**What to produce**: Your task is to repeat the lines below exactly, excluding any pictures they contain.

**Given information**:
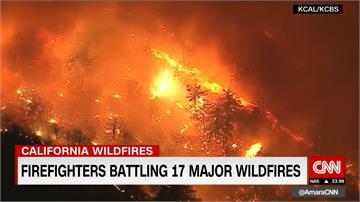 加州野火燒掉30個台北市 至少11死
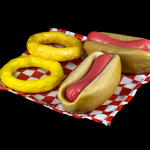 Hot Dogs and Onion Rings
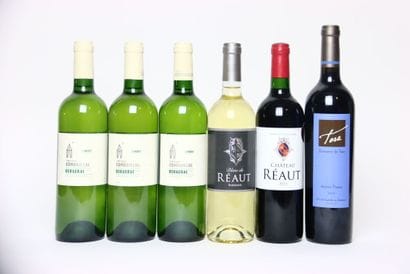 3 bottles of white BERGERAC 2011, CHÂTEAU...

**Written solution**:
 加州野火燒掉30個台北市 至少11死
 Hot Dogs and Onion Rings
 3 bottles of white BERGERAC 2011, CHÂTEAU...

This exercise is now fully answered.